Under the Companies Act, 2013, increasing this capital is a regulated process designed to ensure transparency, shareholder protection, and compliance with statutory norms. We will explore the concept of paid-up share capital, the rationale for its increase, the legal provisions governing it, and the various types of capital increases, along with their brief processes.

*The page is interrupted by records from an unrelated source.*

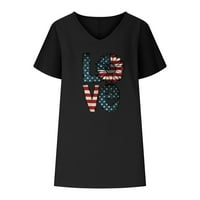 Dianli 4. srpnja Košulje V-izrez Tunika Kratki rukav Američka zastava Star Striped Print Ljetne majice Havajski casual modne labave majice Bluze Top crna S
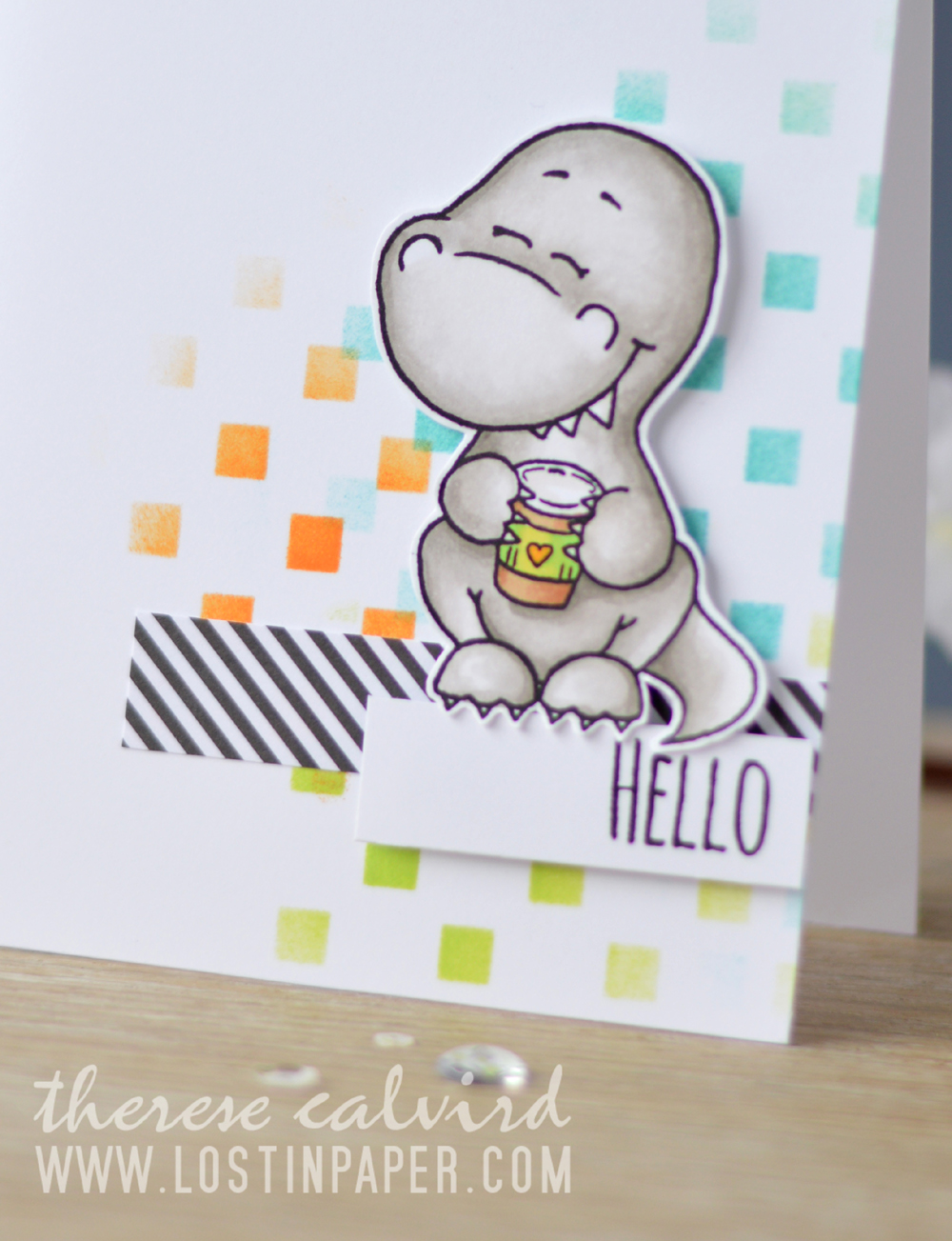 Lostinpaper - Gerda Steiner Designs - Coffeesaurus - Hedgehog with Sign (card video) 1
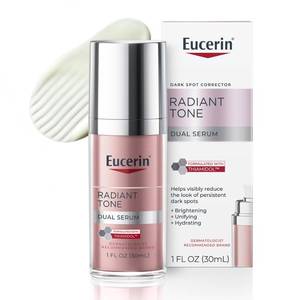 lot 45809 image: Eucerin Radiant Tone Dual Serum Dark Spot Corrector, Dark Spot Serum with Thiamidol and Hyaluronic Acid, Helps Visibly Reduce the Look of Persistent Dark Spots, 1 Fl Oz Bottle - Retail $41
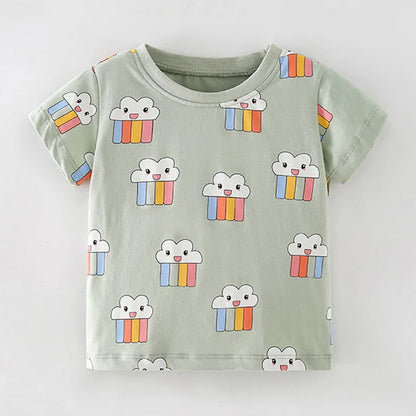 Kids Girls Stylish Cartoon Animal Prints Cotton Tops Tees for Summer childrensterritory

Legal Framework Under the Companies Act, 2013

The Companies Act, 2013, primarily through Sections 61, 62, 42, and 63, outlines the mechanisms for altering and increasing share capital. Section 61 empowers limited companies to alter their share capital, including increasing authorized capital via an ordinary resolution in a general meeting. Once authorized capital is enhanced, paid-up capital can be increased by issuing new shares under Section 62, which mandates offering shares first to existing shareholders unless specified otherwise. Compliance involves filing forms like SH-7 for authorized capital changes and PAS-3 for allotments with the Registrar of Companies (RoC).

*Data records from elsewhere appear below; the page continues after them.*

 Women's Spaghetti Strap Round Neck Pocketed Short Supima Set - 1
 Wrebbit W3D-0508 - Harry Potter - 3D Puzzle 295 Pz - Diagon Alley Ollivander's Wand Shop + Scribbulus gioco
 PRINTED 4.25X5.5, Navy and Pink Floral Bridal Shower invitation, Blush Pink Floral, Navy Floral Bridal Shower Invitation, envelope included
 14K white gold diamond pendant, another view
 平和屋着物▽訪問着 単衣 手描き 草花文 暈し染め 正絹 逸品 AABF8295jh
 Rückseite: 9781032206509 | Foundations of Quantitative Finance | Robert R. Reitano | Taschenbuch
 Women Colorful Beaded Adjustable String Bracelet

Types of Capital Increases and Their Processes

Companies can increase paid-up share capital through several methods, each suited to different scenarios. Below, we outline the primary types and their brief processes, ensuring adherence to the Act’s provisions.

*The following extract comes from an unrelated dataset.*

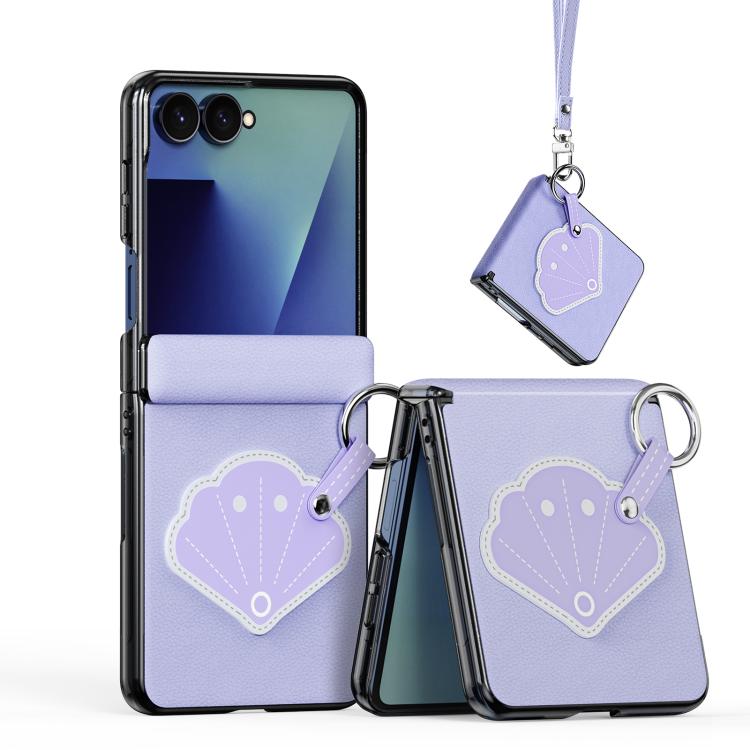 Custodia per telefono con anello pieghevole e cordino della serie LUVY di DUX DUCIS., For Galaxy Z Flip8 5G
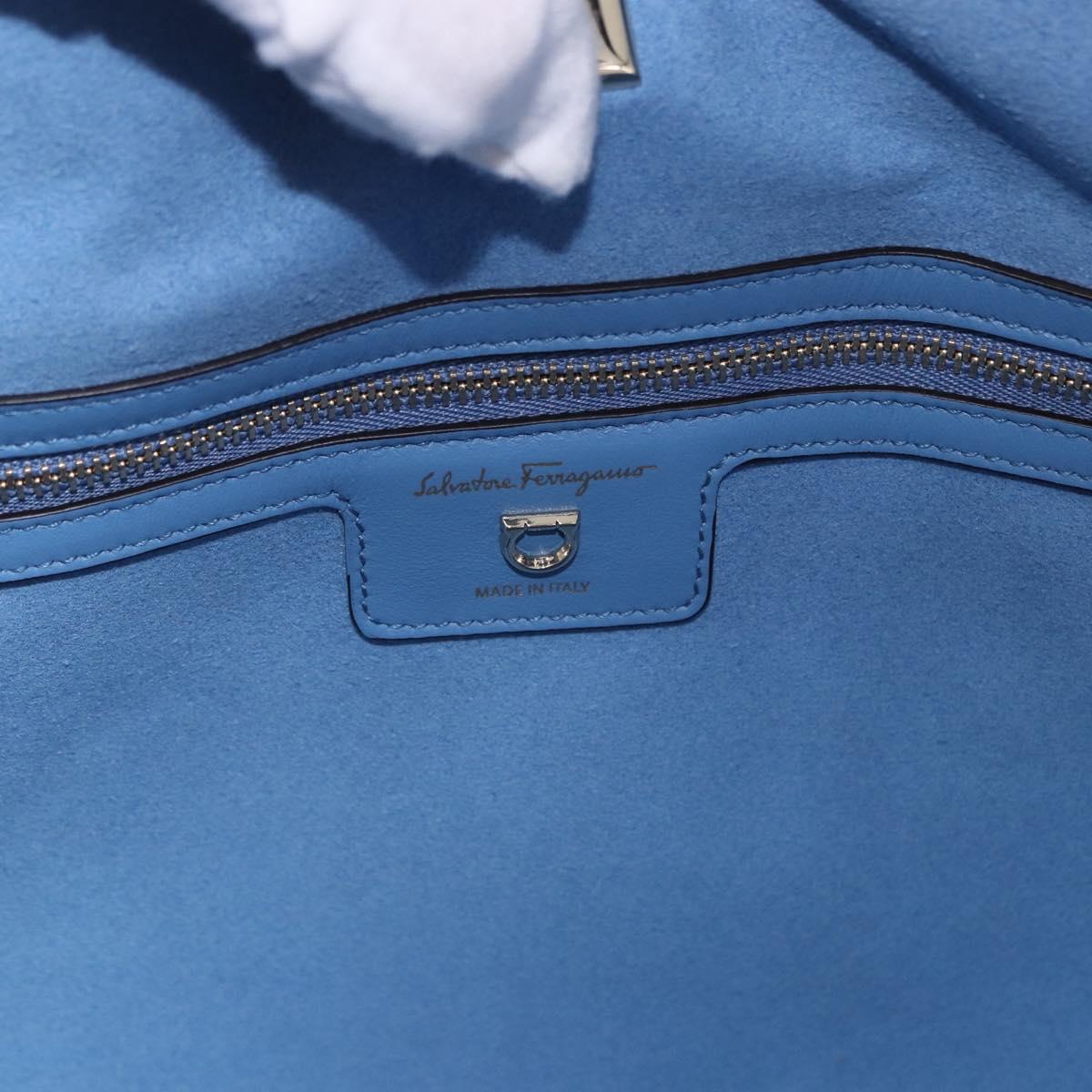 Salvatore Ferragamo Tote Bag Leather Light Blue Multicolor Auth ki6697A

  1. Rights Issue: A rights issue allows existing shareholders to subscribe to additional shares in proportion to their current holdings, preserving their ownership ratios. This method is cost-effective and prioritizes current investors.

Brief Process:

  • Convene a board meeting to approve the issue and fix terms like price and ratio.
  • Send a letter of offer to existing shareholders, giving them at least 15 days to respond.
  • Allot shares to subscribers and file Form PAS-3 with the RoC within 30 days.
  • Update the share register and issue share certificates.
  1. Bonus Issue: A bonus issue involves capitalizing the existing reserves or profits of the Company to issue fully paid-up shares to existing shareholders without any cash inflow. It’s often used to reward shareholders and improve liquidity.

Brief Process:

  • Ensure the AoA permits bonus issues and verify sufficient free reserves.
  • Pass a board resolution recommending the issue, followed by shareholder approval via ordinary resolution.
  • Allot bonus shares within two months and file Form PAS-3 with the RoC.
  • No payment is required from shareholders; shares are issued against capitalized profits.
  1. Private Placement: Private placement entails offering shares to a select group of up to 200 persons (excluding qualified institutional buyers and employees) in a financial year, ideal for targeted fundraising.

Brief Process:

  • Obtain board approval, shareholders’ approval, and pass a special resolution in the general meeting.
  • Prepare a private placement offer letter (Form PAS-4) and value shares via a registered valuer.
  • Open a separate bank account for proceeds and allot shares within 60 days of receipt.
  • File Form PAS-3 and MGT-14 with the RoC.
  1. Preferential Allotment: This method allows allotment of shares to any person (including non-shareholders) on a preferential basis, often for strategic investments or promoter infusions.

Brief Process:

  • Secure special resolution approval from shareholders.
  • Conduct a valuation by a registered valuer and justify the price in the explanatory statement.
  • Allot shares within 12 months of the resolution and file Form PAS-3 with the RoC.
  • Ensure compliance with pricing guidelines if the company is listed.
  1. Employee Stock Option Plan (ESOP): ESOPs incentivize employees by offering shares at a discounted price, increasing paid-up capital upon exercise of options.

Brief Process:

  • Draft an ESOP scheme and obtain shareholder approval via special resolution.
  • Grant options to eligible employees with a vesting period.
  • Upon exercise, allot shares after receiving payment and file Form PAS-3 with the RoC.
  • Comply with SEBI guidelines if applicable for listed companies.

Conclusion

Increasing paid-up share capital under the Companies Act, 2013, is a strategic tool for corporate growth, but it demands meticulous compliance to avoid penalties. By choosing the appropriate type—be it a rights issue for loyalty or private placement for efficiency—companies can optimize their capital structure while safeguarding stakeholder interests.